What is the standard deviation?

sqrt((1-def_rate)/(def_rate**2))
## [1] 49.49747

(d) Another machine that also produces transistors has a 5% defective rate where each transistor is produced independent of the others. On average how many transistors would you expect to be produced with this machine before the first with a defect?

1/0.05
## [1] 20

What is the standard deviation?

sqrt((1-0.05)/(0.05**2))
## [1] 19.49359

(e) Based on your answers to parts (c) and (d), how does increasing the probability of an event affect the mean and standard deviation of the wait time until success?

The mean and the standard deviation are inversely proportional to the probability.

Male Children

Male children. While it is often assumed that the probabilities of having a boy or a girl are the same, the actual probability of having a boy is slightly higher at 0.51. Suppose a couple plans to have 3 kids.

(a) Use the binomial model to calculate the probability that two of them will be boys.

p = 0.51
k = 2
n = 3

fact_k <- factorial(k)
fact_n <- factorial(n)
fact_nk <- factorial(n-k)

(fact_n / (fact_k * fact_nk)) * p ** k * ( 1-p)**(n-k)
## [1] 0.382347

(b) Write out all possible orderings of 3 children, 2 of whom are boys. Use these scenarios to calculate the same probability from part (a) but using the addition rule for disjoint outcomes. Confirm that your answers from parts (a) and (b) match.
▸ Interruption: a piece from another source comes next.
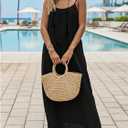 SHENHE Women's Open Back Spaghetti Strap Beach Maxi Dress Loose Flowy Vacation Sundress Black Large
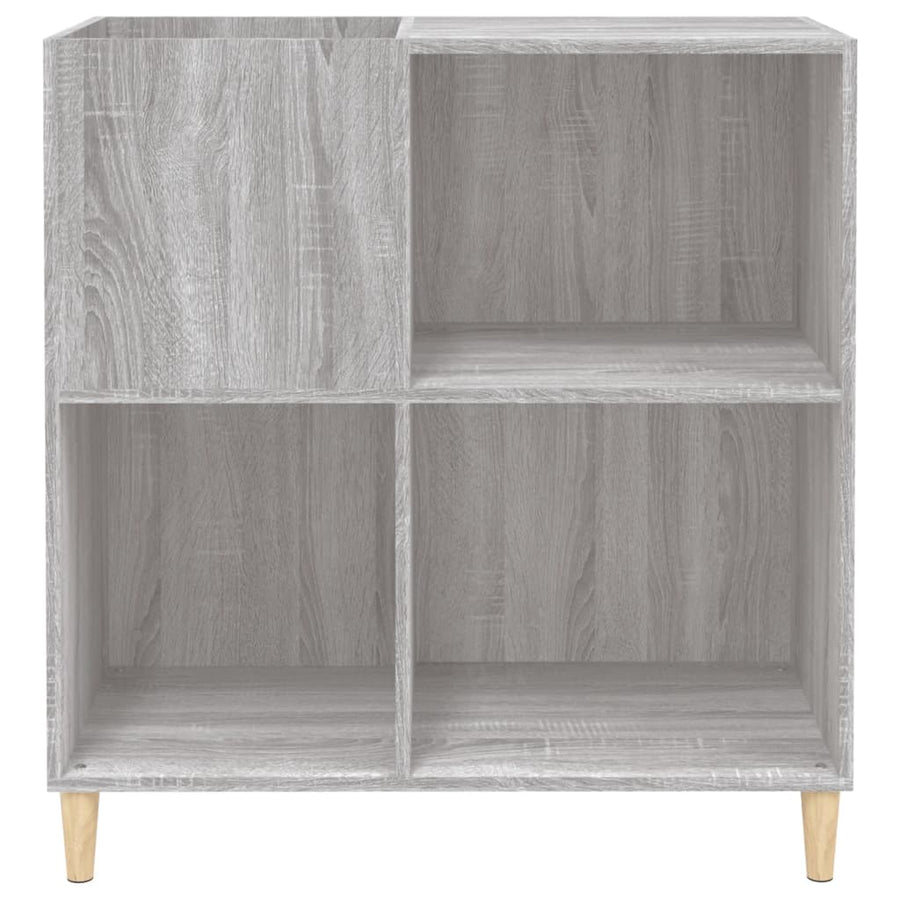 Platenkast 84,5X38X89 Cm Bewerkt Hout Grijs Sonoma Eikenkleurig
ord_1 <- c("boy", "boy", "girl")
ord_2 <- c("boy", "girl", "boy")
ord_3 <- c("girl", "boy", "boy")

( p * p * (1-p)) + ( p * (1-p) * p ) + ((1-p) * p * p ) 
## [1] 0.382347

(c) If we wanted to calculate the probability that a couple who plans to have 8 kids will have 3 boys, briefly describe why the approach from part (b) would be more tedious than the approach from part (a).

Because it would increase the sequence of numbers we would need to multiply and add to get the value. We would also need to account for all the possible permutations of 8 kids with 3 being boys.

Serving in Volleyball

Serving in volleyball. (4.30, p. 162) A not-so-skilled volleyball player has a 15% chance of making the serve, which involves hitting the ball so it passes over the net on a trajectory such that it will land in the opposing team’s court. Suppose that her serves are independent of each other.

(a) What is the probability that on the 10th try she will make her 3rd successful serve?

n <- 10
k <- 3
p <- 0.15

fact_n <- factorial(n-1)
fact_k <- factorial(k-1)
fact_nk <- factorial(n-k)

fact_n/(fact_k * fact_nk) * p ** k * (1-p)**(n-k)
## [1] 0.03895012

(b) Suppose she has made two successful serves in nine attempts. What is the probability that her 10th serve will be successful? 15%

(c) Even though parts (a) and (b) discuss the same scenario, the probabilities you calculated should be different. Can you explain the reason for this discrepancy? On b we’re calculating for a single independent event, in a, we’re calculating for a sequence of events to happen within 10 occurences.